Les Papeteries de Condat, usine plus que centenaire située au Lardin-Saint-Lazare, en Dordogne, est un ancien fleuron industriel et qui, sur ce territoire, a tenu un rôle majeur au plan de l’emploi. De 1200 salariés dans les années 1980, elle n’en compte plus que 200 aujourd’hui.

Jusqu’en 2023, c’était la dernière entreprise française à produire du papier couché, un papier de haute qualité sur lequel était notamment imprimé le Prix Goncourt. La machine a été mise à l’arrêt sur décision du groupe Lecta, arguant d’une baisse de commandes. Pour FO, il s’agissait plutôt d’une délocalisation, doucement mais sûrement, de la production dans d’autres usines du groupe, en Italie et en Espagne, pour réduire les coûts de fabrication.

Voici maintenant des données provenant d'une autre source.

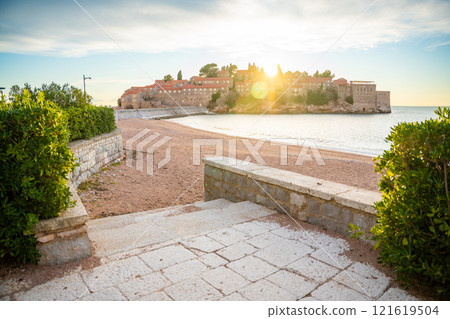 Sveti Stefan island near Budva at sunset light in winter time. Closed resort in Montenegro Sveti Stefan island near Budva at sunset light in winter time. Closed resort in Montenegro 121619504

Une usine à l’arrêt 10 jours par mois

Une seule ligne de production subsiste désormais, dédiée au papier glassine pour les étiquettes, un marché bien plus concurrentiel. L’activité tourne encore, mais au ralenti. L’usine est à l’arrêt dix jours par mois. Même quand on produit, on ne gagne pas d’argent. L’usine a été conçue pour fonctionner avec trois lignes de production, pas une seule. Les frais fixes sont énormes. On ne paie plus nos fournisseurs. On achète la pâte à papier et les produits chimiques au cul du camion, poursuit Emmanuel Garcia.

D’autres signaux alertent le militant, comme la rétrocession des filiales des Papeteries au groupe Lecta, ou le déménagement récent du siège social, de Paris au Lardin Saint-Lazare. Vente, redressement, liquidation, on ne sait pas ce qui va se passer, tous les scenarios sont sur la table, poursuit-il. Le CSE a saisi le cabinet Secafi pour une expertise économique.

Le 2 septembre, les organisations syndicales et les élus locaux se sont réunis à la mairie du Lardin-Saint-Lazare pour faire un point sur la situation. Ils ont décidé d’envoyer une lettre aux actionnaires du groupe Lecta pour leur demander de vendre l’usine.

Emmanuel Garcia, très attaché à l’usine où travaillait déjà son arrière-grand-père, cherche surtout à comprendre l’attitude de ces actionnaires, qui refusent de dévoiler leur stratégie. Ils ont investi 140 millions d’euros dans l’usine. La ligne de production a été refaite. On a une chaudière toute neuve qui a coûté plus de 50 millions d’euros. Mais il ne se passe rien. Le groupe ne cherche pas à développer de nouveaux produits pour augmenter les commandes. Il ne cherche pas non plus à nous vendre. On ne comprend pas pourquoi il a tant investi pour ne rien en faire derrière, s’interroge-t-il.